By Cady Drell published
Strong opinions about dating apps fall close to one of two poles: Either these apps are a revolutionary way for people to meet that should be applauded and emulated, or they’re creating a hookup culture we’ll never be able to come back from. Both of these arguments are flawed—the first for being Pollyannaish, the second for being pearl-clutching—but the new HBO documentary Swiped, directed by the journalist Nancy Jo Sales and premiering Monday night, isn’t particularly interested in answering for either of them. Instead, it tries to figure out, after a few illuminating but often superfluous-feeling detours, which aspects of dating in 2018 we may have overlooked.
Namely: Is the way we date now just furthering a culture of sexual harassment and assault toward women?

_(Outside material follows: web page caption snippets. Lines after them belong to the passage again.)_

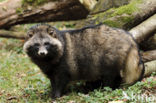 Raccoon Dog (Nyctereutes procyonoides)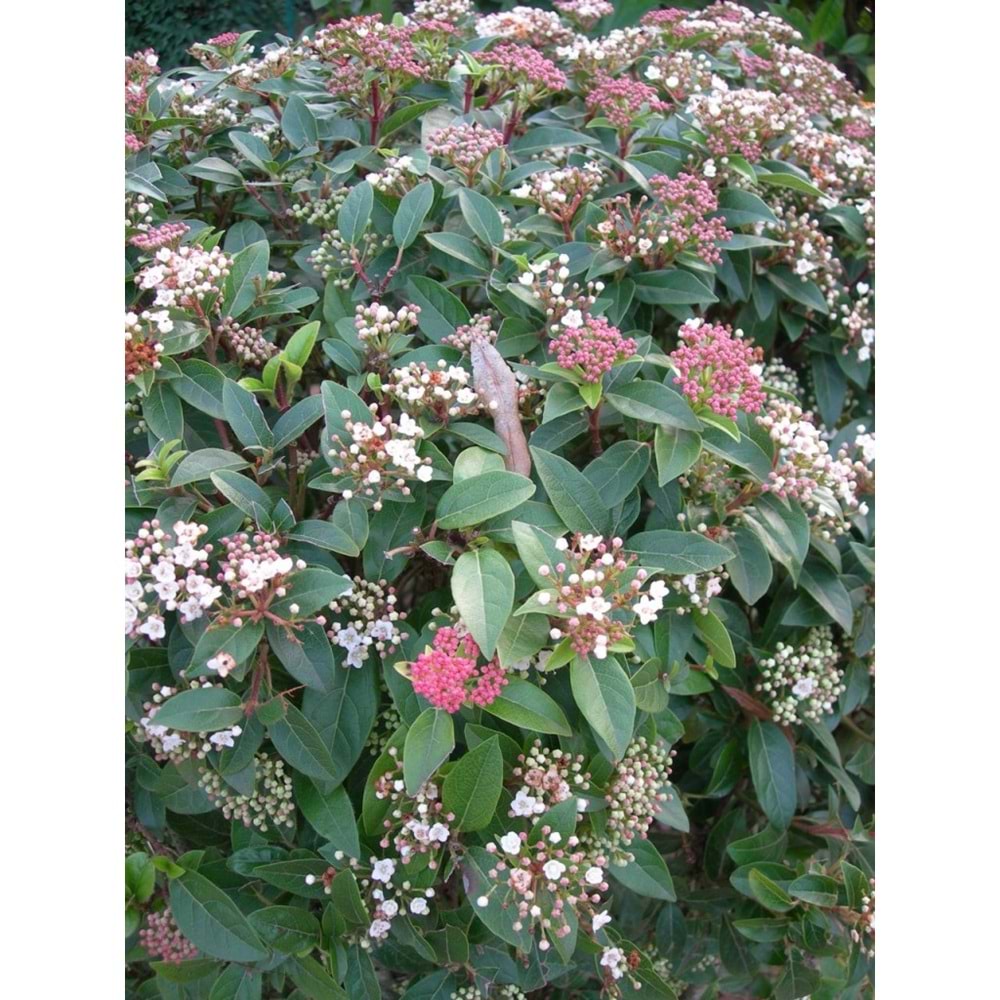 Viburnum tinus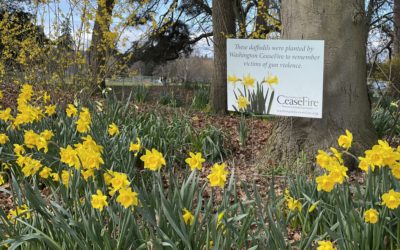 Daffodil Photos – March 2022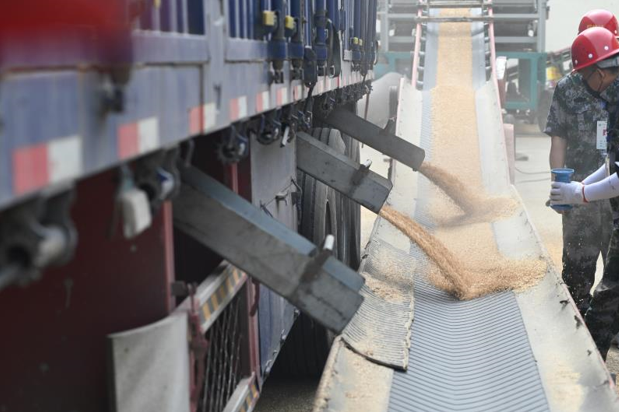 夏粮收购徐州现场见闻：农民喜获丰收 好粮入库钱进卡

And if it is, whose responsibility is it to fix that?
Of course, when it comes to asking big questions about modern dating, this is not Sales’ first rodeo. Her 2015 Vanity Fair article—“Tinder and the Dawn of the ‘Dating Apocalypse’”—went viral, and not always because people agreed with her. (Tinder famously sent out a 30-tweet response in which the app seemed to protest a bit too much about signaling the end of dating.)
But Sales, with whom I spoke a few days before the documentary premiered, says now that her thesis got lost in the furor. “Throughout this controversy, what struck me the most is that what people really seemed to want to talk about was the effect [dating apps have] on women,” she says. “And that was really the central issue for me, how this was leading to a lot of sexual harassment.”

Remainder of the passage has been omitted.